* INSTRUCTIONS FOR THE TASK *
When you reach the line with "Placa ornament CProiector" in the listing below, transcribe it and each line after it up to and including the line with "KittyLoaf 1 Inch Round Button", exactly and with nothing else.

* MATERIAL SUPPLIED *

|---|

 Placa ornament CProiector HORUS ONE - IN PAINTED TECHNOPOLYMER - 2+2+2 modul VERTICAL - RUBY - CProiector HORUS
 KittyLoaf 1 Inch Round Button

|---|

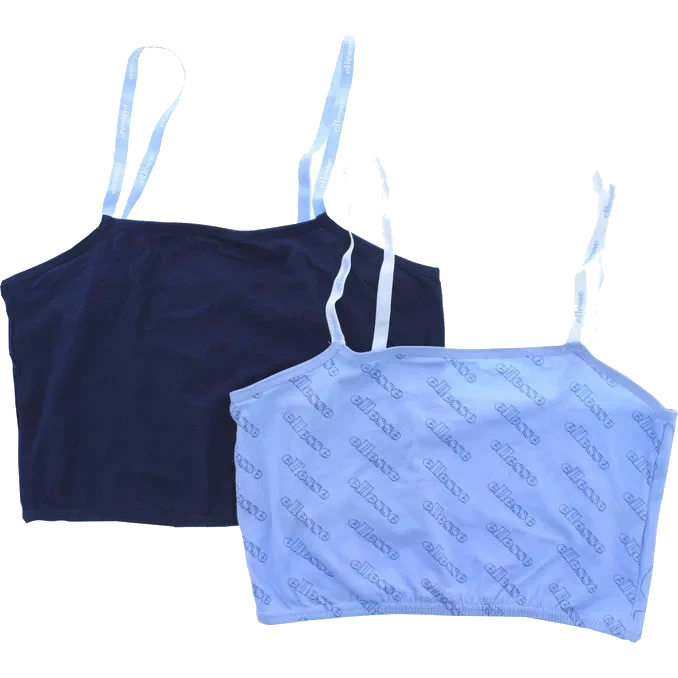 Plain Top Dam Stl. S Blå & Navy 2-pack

|---|

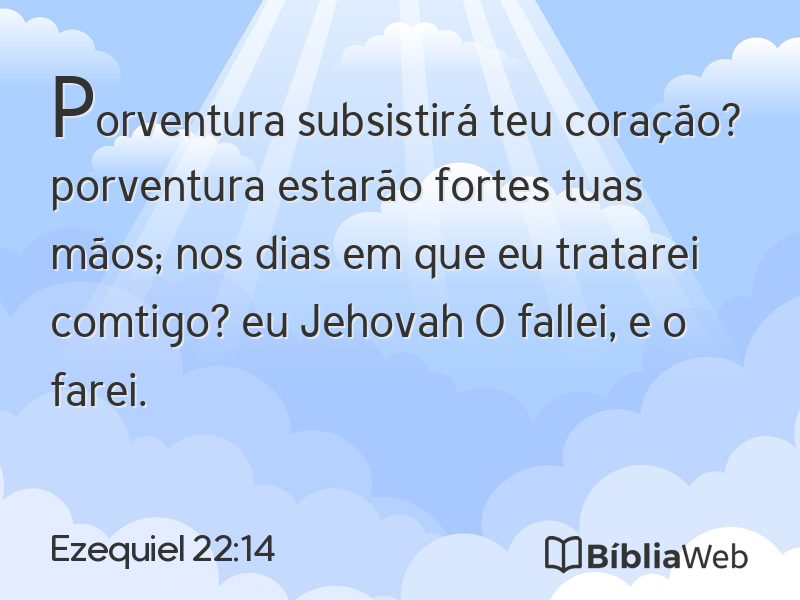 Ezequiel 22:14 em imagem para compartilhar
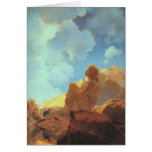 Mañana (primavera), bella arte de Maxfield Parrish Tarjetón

|---|

* ANSWER TO THE EXERCISE *
 Placa ornament CProiector HORUS ONE - IN PAINTED TECHNOPOLYMER - 2+2+2 modul VERTICAL - RUBY - CProiector HORUS
 KittyLoaf 1 Inch Round Button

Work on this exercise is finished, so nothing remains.